I have some questions, mostly to get at what your motivation is for this thread.

We need to first derive a new definition of binding energy density, which is what the first part consists of.
Why? What are you trying to achieve from your new definition of binding energy density?

And this is the binding energy density of what, exactly?

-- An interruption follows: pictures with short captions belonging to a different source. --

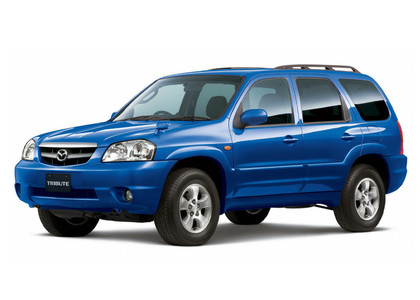 EVA коврики на Mazda Tribute 2000 - 2007 в Тольятти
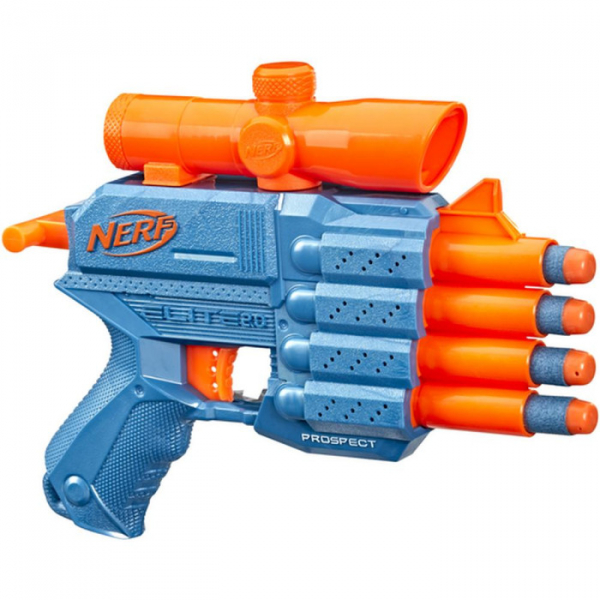 Купить nerf бластер элит 2.0 перспектива qs4 f4190eu4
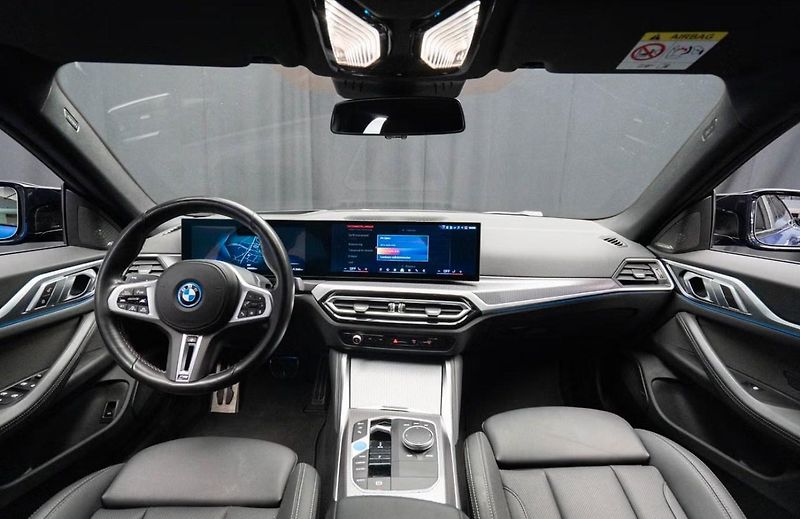 BMW i4 M50 xDrive GC SoH 95% 360k Taž - fotka 13 z 26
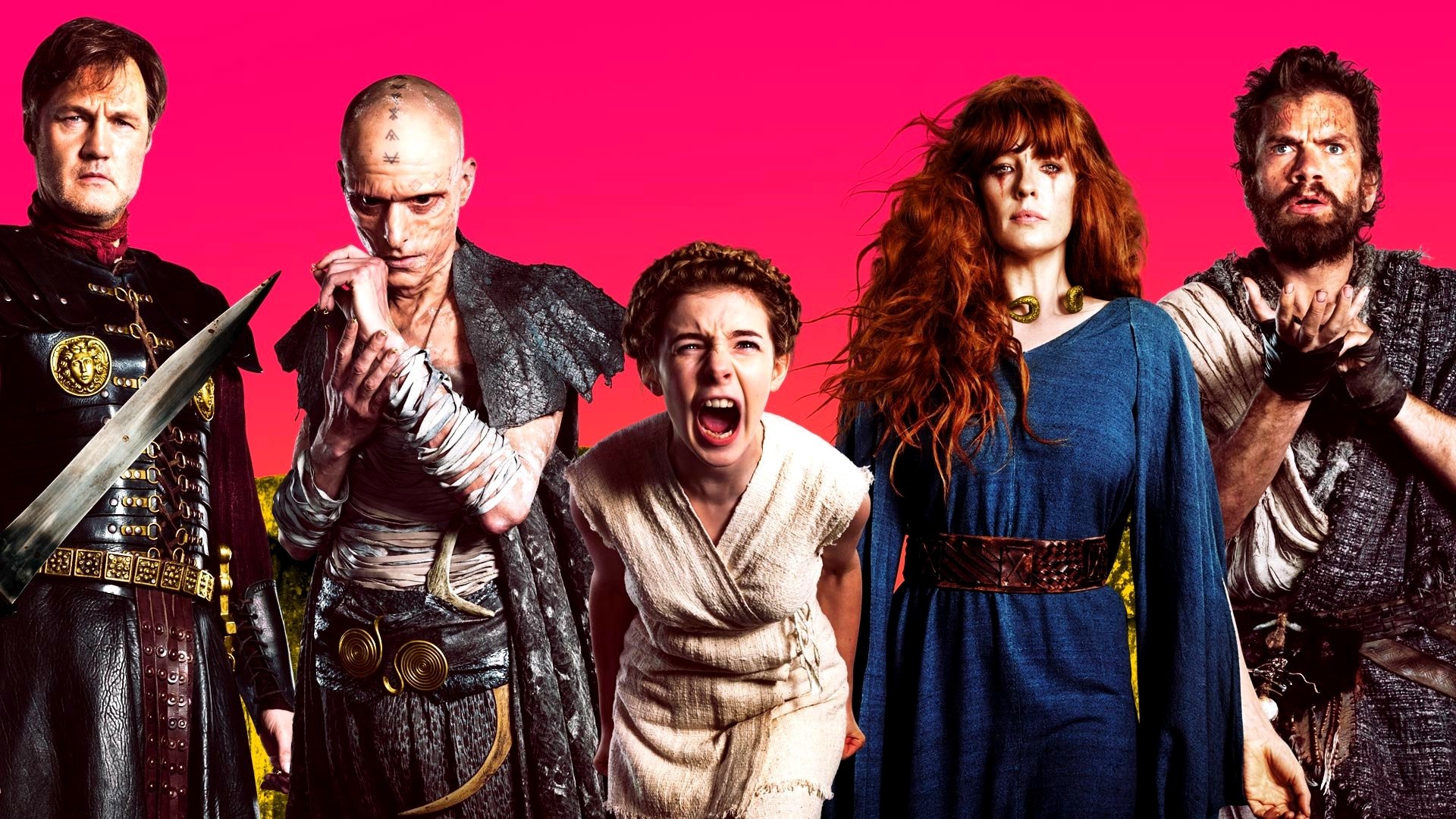Download TV Show Britannia HD Wallpaper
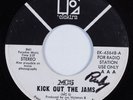 Garage 45 MC5 Kick Out The Jams ELEKTRA HEAR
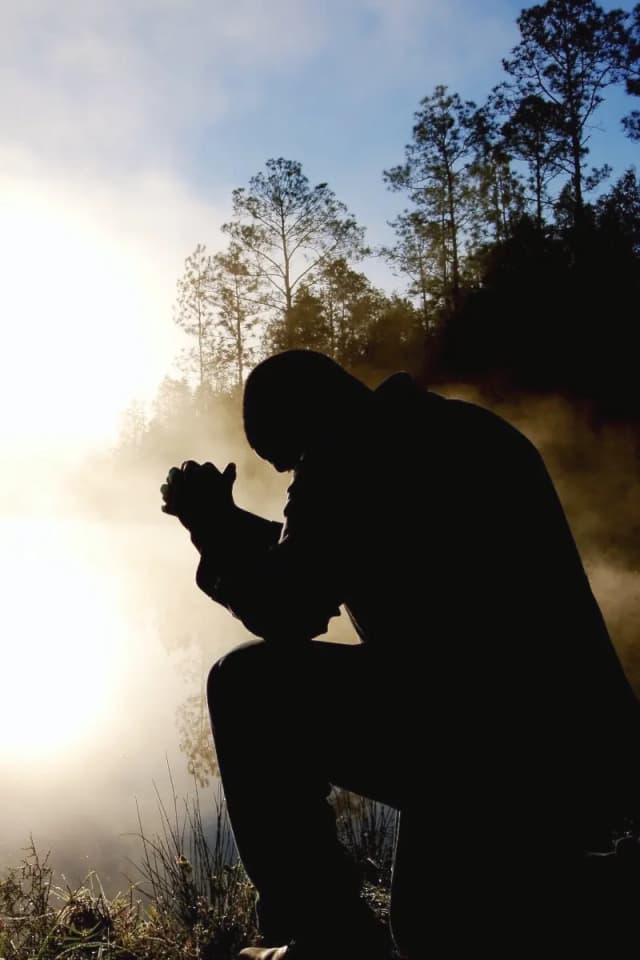 Hesychasm meditation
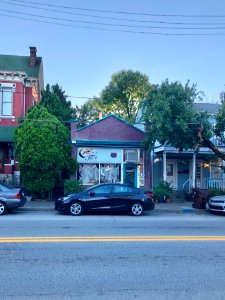 Main Street, Mainstrasse Village, Covington, KY 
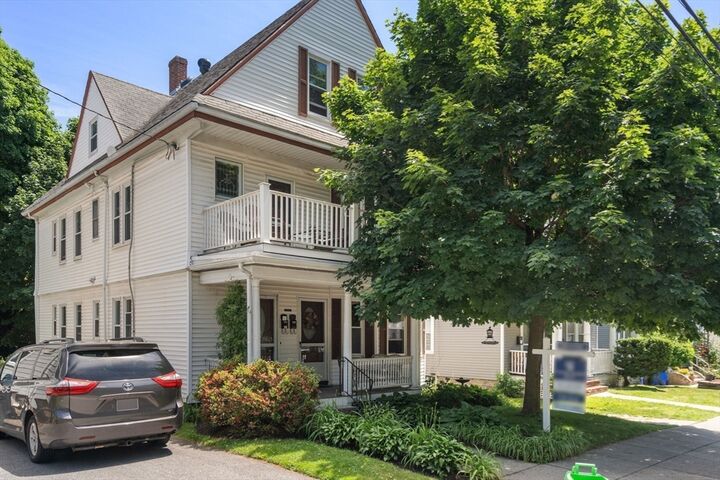 Property Photo:  124-126 Brooks St  MA 02135 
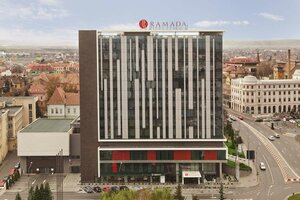 Гостиница Ramada by Wyndham Sibiu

The second part consists of interpreting the results in terms of Wein's displacement law, which would translate to how redshift (wavelengths of radiation) is effected by the temperature of the system characterized by Weins constant.
What system are you referring to?

Part One

We need to establish the new metric coefficient, which is just a reinterpretation of the Schwarzschild factor:

$$1 - \frac{2GM}{E} \frac{M}{R} = 1 - \frac{E_g}{E}$$
Why do we need to do this? What is achieved by it?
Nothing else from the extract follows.